Miss Gladys Maude Winifred Mitchell, whose detective stories have been popular for over five decades, has died at the age of 82.  She wrote as Gladys Mitchell, and also as Stephen Hockaby and Malcolm Torrie.

  Born in Cowley, Oxfordshire on April 19, 1901, she was the daughter of James and Annie Mitchell.  Her father's family were Scots, and a Scottish influence is apparent in several of her novels.  Gladys Mitchell was educated at the Green School, Isleworth, Middlesex; then Goldsmith's and University Colleges, University of London.

  Between 1921 and 1950 she taught at St. Paul's School, Brentford, St. Ann's Senior Girls' School, Ealing, and the Brentford Senior Girls' School, her subjects being English, history and games.

  Retiring from this work in 1950, she became bored without the constant stimulus of teaching, even although she was then extremely busy with writing, and had been producing a book a year ever since 1929.  She accepted a position at the Matthew Arnold School, Staines and taught there from 1953 to 1961.  After then finally giving up teaching she lived at Corfe Mullen in Dorset for several years.  She remained unmarried.

  Gladys Mitchell's first novel
Speedy Death was published in 1929; it featured Beatrice Adela Lestrange Bradley, a witty, bizarre bu stylishly competent sleuth whose investigations were eventually to fill over sixty books.  Mrs.
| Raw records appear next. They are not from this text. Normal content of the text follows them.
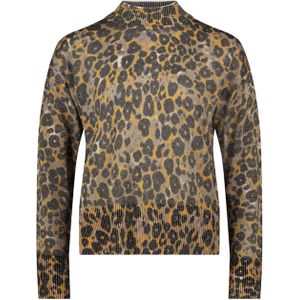 Betty Barclay, Dames, Truien, Veelkleurig, Maat: S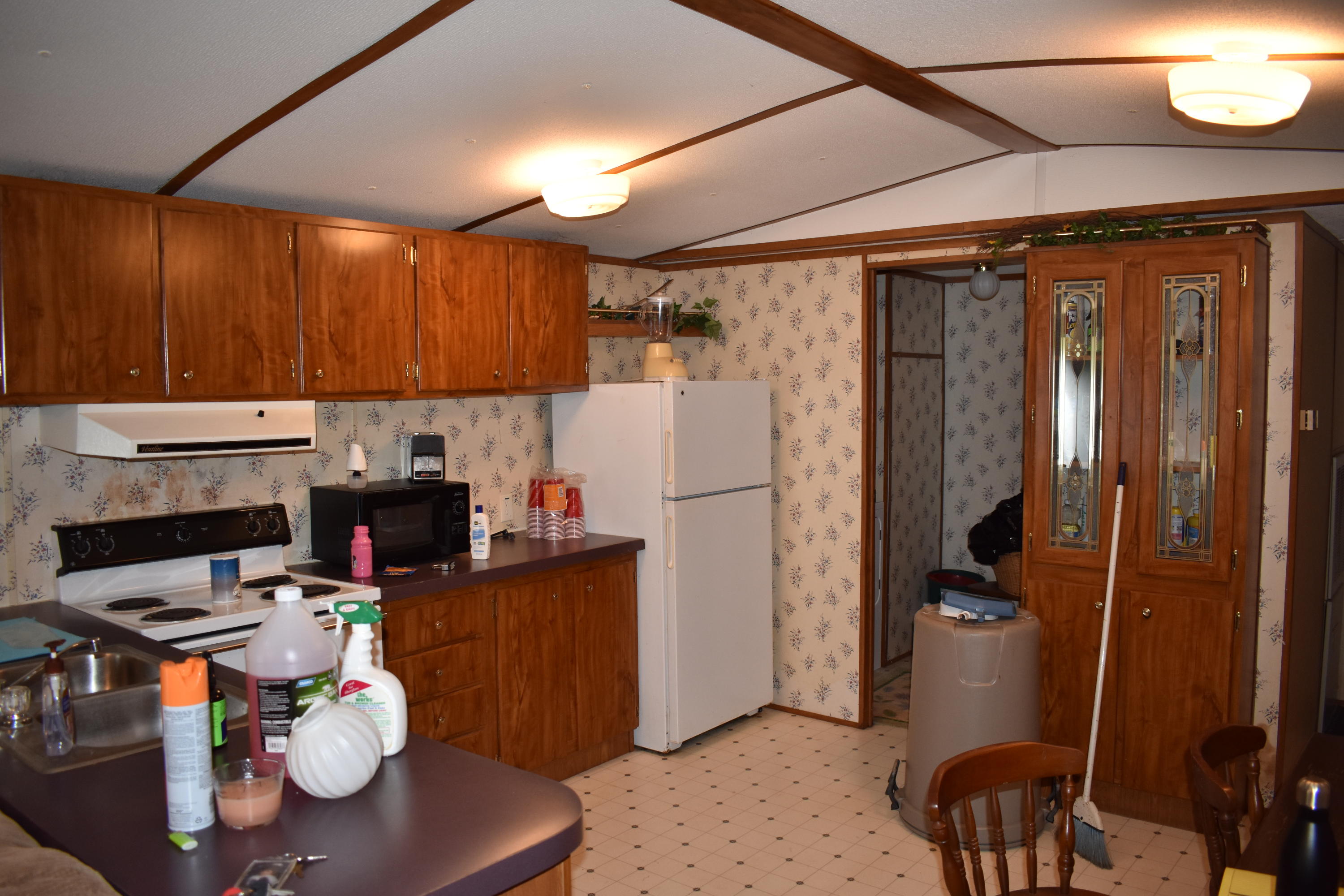 245 Blue Ridge Road Speedwell, TN 37870 - Photo 24 of 28 DSC_0008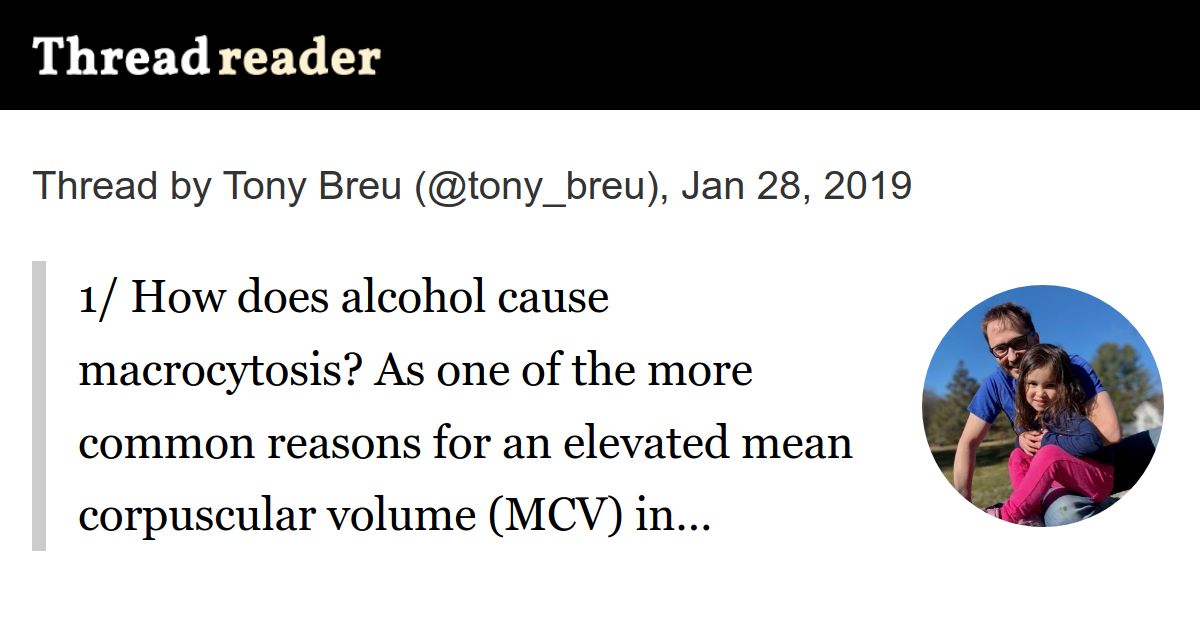 Thread by tony_breu "1/ How does alcohol cause macrocytosis? As one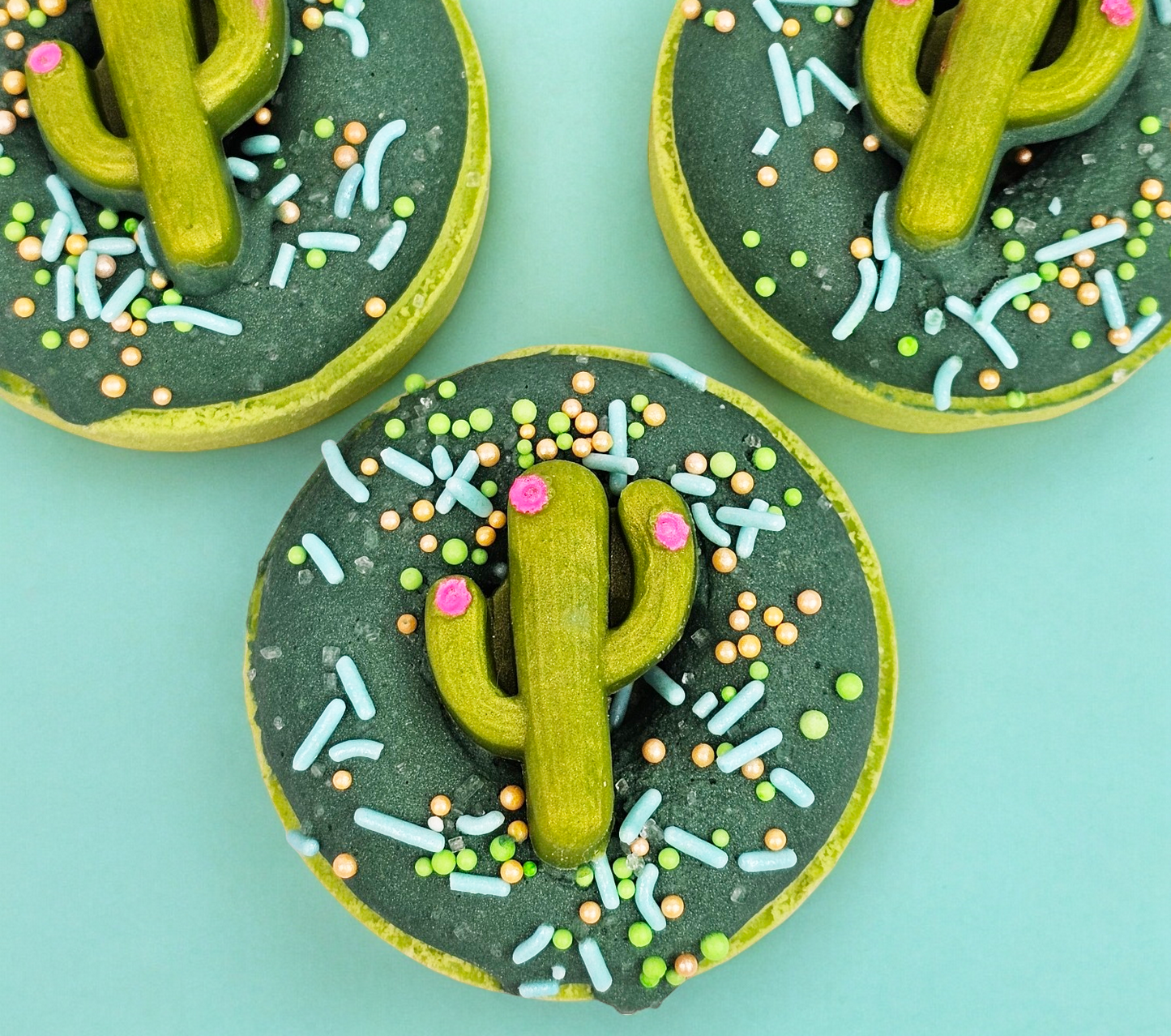 Baja Cactus Bath Bomb Donut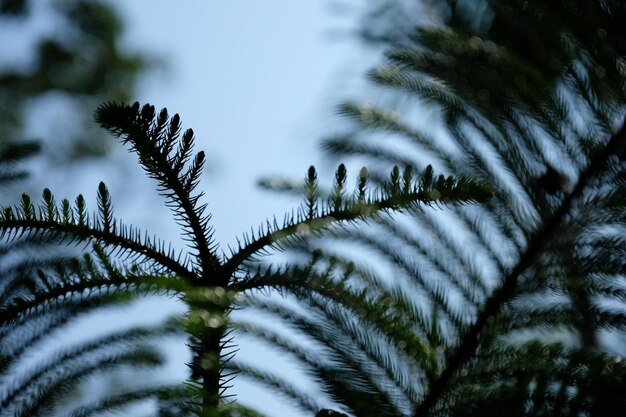 Photo close-up of pine tree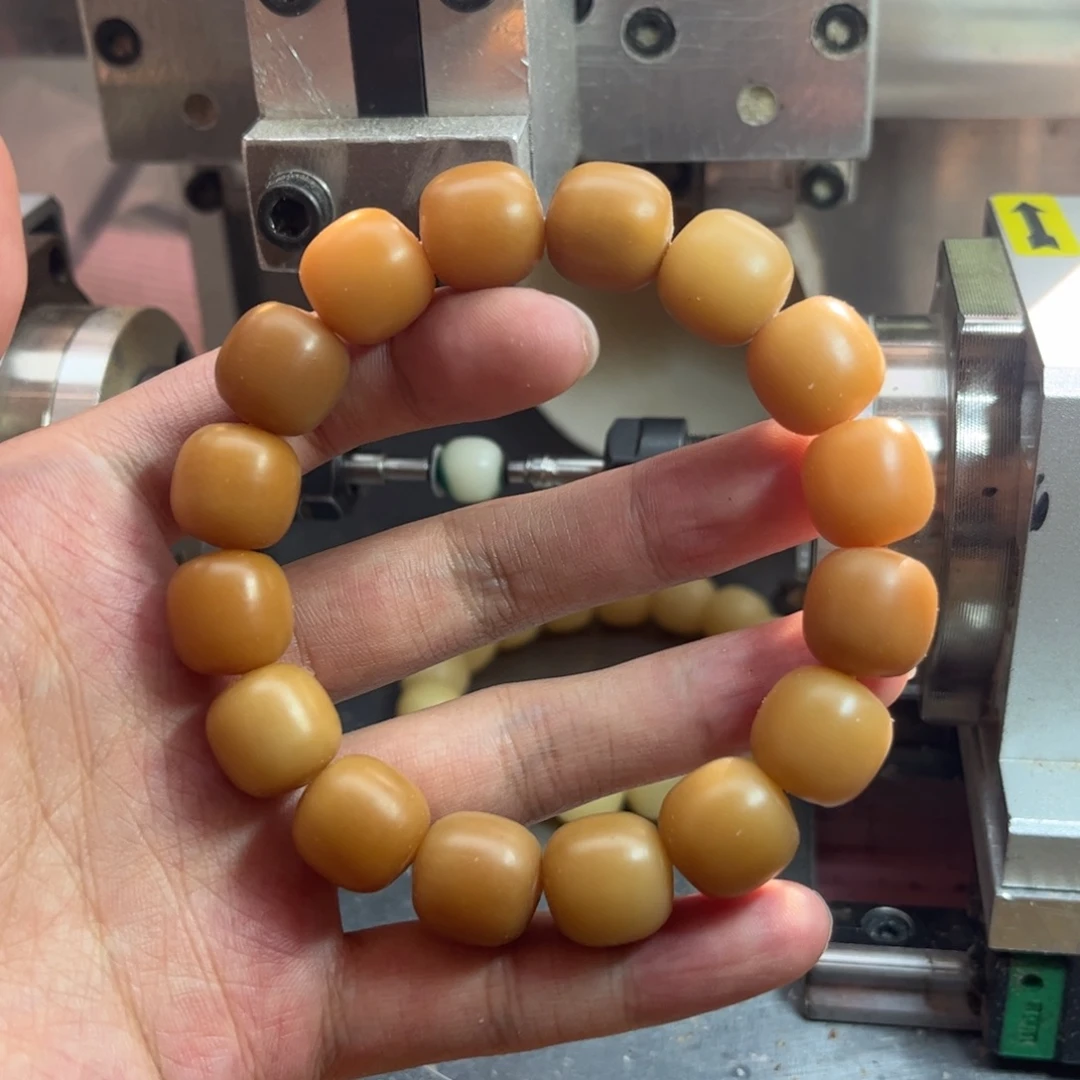 手串菩提根/象牙果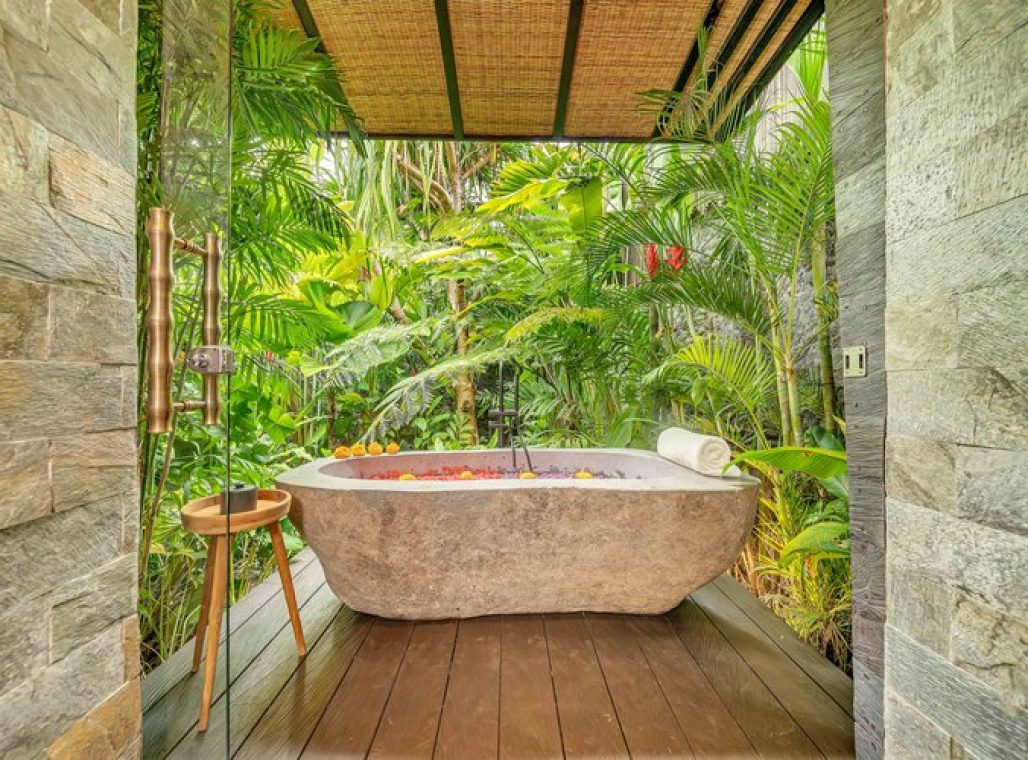 Jabu With Plunge Pool - Bathtub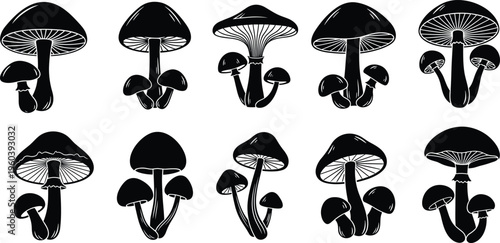 Mushroom silhouette collection diverse fungi shapes isolated black vector illustration set botanical nature elements detailed caps stems woodland design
Bradley, later Dame Beatrice, a psychoanalyst, author and holder of honorary degrees from almost every university in the world, was the epitome of the professional woman.  Many of her rational and socially progressive views were similar to those of her originator, for whom at times she seemed a mouthpiece.  Some of the books, Death at the Opera, in 1934 and Laurels are Poison in 1942, for example, were set in the enforced closents of girls' school or college backgrounds which Gladys Mitchell knew so well and whose tension-generating potential she so skilfully exploited.

  A survivor from the Golden Age of detective fiction (the 1920's and 1930's), she was an early member of the Detection Club whose active supporters included authors as celebrated as Dorothy Sayers, G.K. Chesterton and Agatha Christie.  She frequently satirized or reversed traditional patterns of the genre, succumbing to black humor, creating tongue-in-cheek mysteries and treading with extreme narrative confidence the hazardous paths between spoof and classic sleuthing fiction.  Many of her books were spiced by eccentric and colourful themes like transvestism, witchcraft or folklore esoterica, and her strong interest in ancient buildings and customs.  Her recreations included the study of architecture and writing poetry.

  She wrote detective fiction with undiminished energy and adroidness well into the 1980's, and was a member of the Crime Writers' Association and the Society of Authors.
 
  In 1976 Gladys Mitchell received the Crime Writers' Association Silver Dagger award.  As well as producing witty and incisive detective stories for adults she wrote several satisfying mystery books for juveniles.